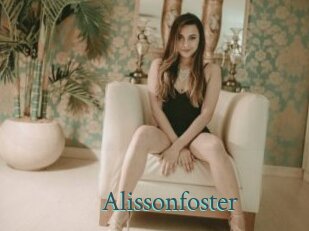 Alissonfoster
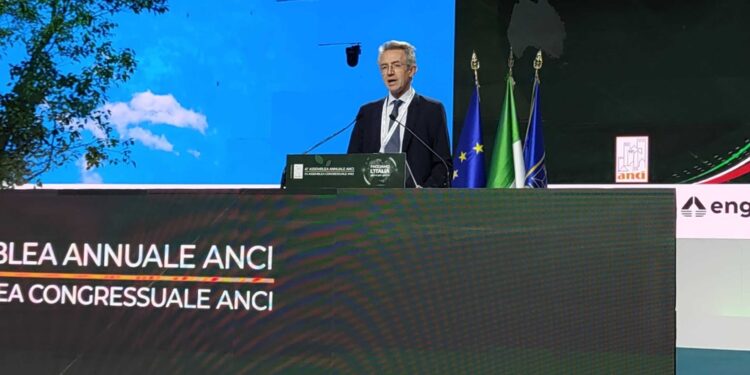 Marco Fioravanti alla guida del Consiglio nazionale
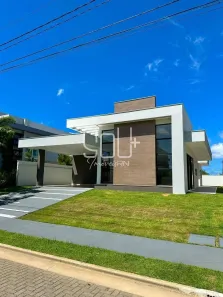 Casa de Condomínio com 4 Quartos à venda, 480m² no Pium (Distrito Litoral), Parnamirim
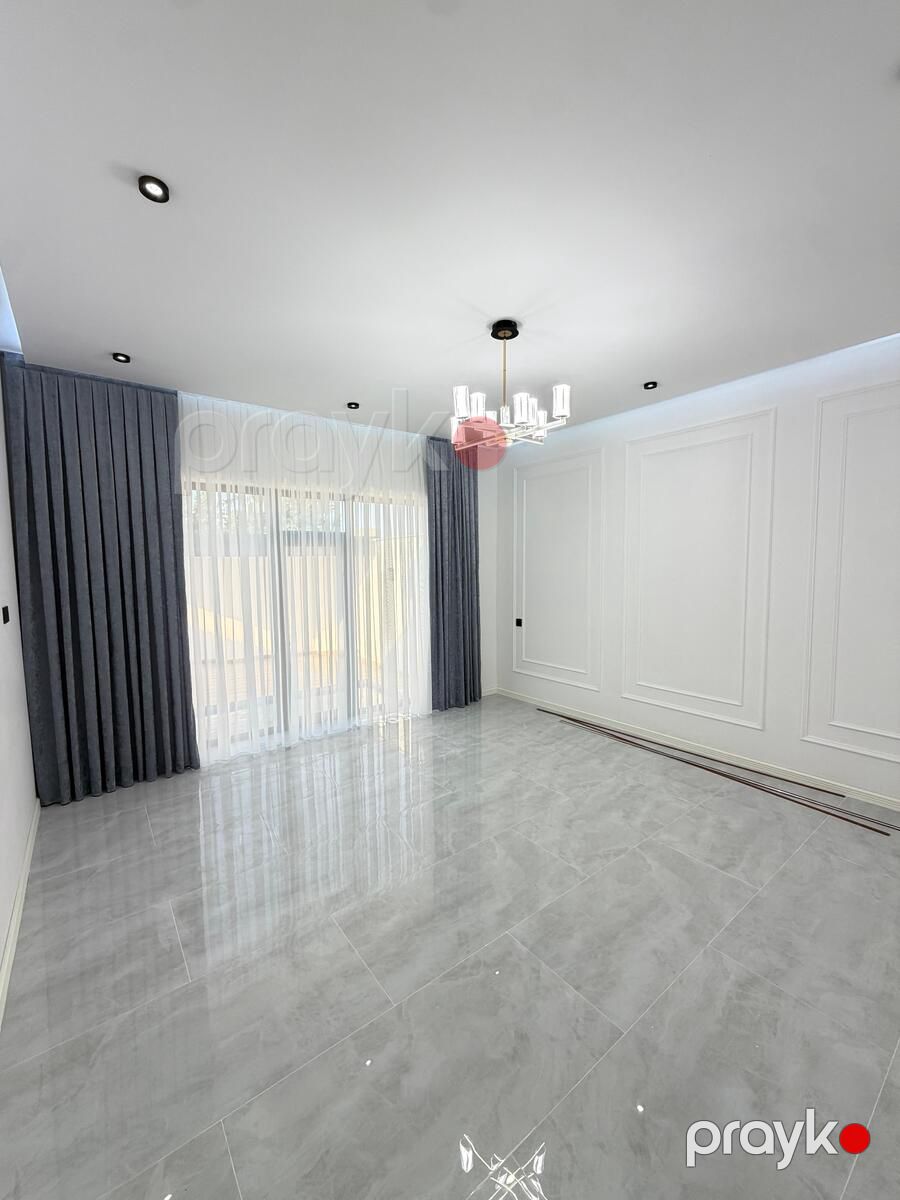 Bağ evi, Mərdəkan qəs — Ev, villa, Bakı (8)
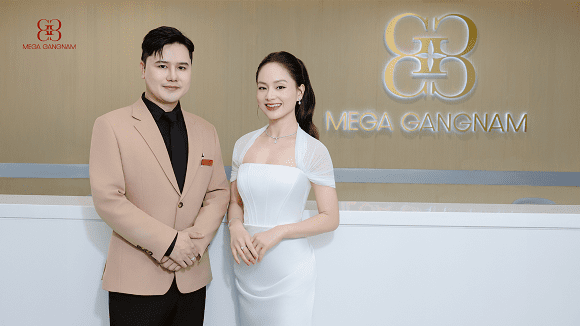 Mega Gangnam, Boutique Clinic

________________________________________

Only the lines from the one containing "Marco Fioravanti alla" through the end of the records should be copied, exactly and with both ends included; the pictures should not.

Your response:
 Marco Fioravanti alla guida del Consiglio nazionale
 Casa de Condomínio com 4 Quartos à venda, 480m² no Pium (Distrito Litoral), Parnamirim
 Bağ evi, Mərdəkan qəs — Ev, villa, Bakı (8)
 Mega Gangnam, Boutique Clinic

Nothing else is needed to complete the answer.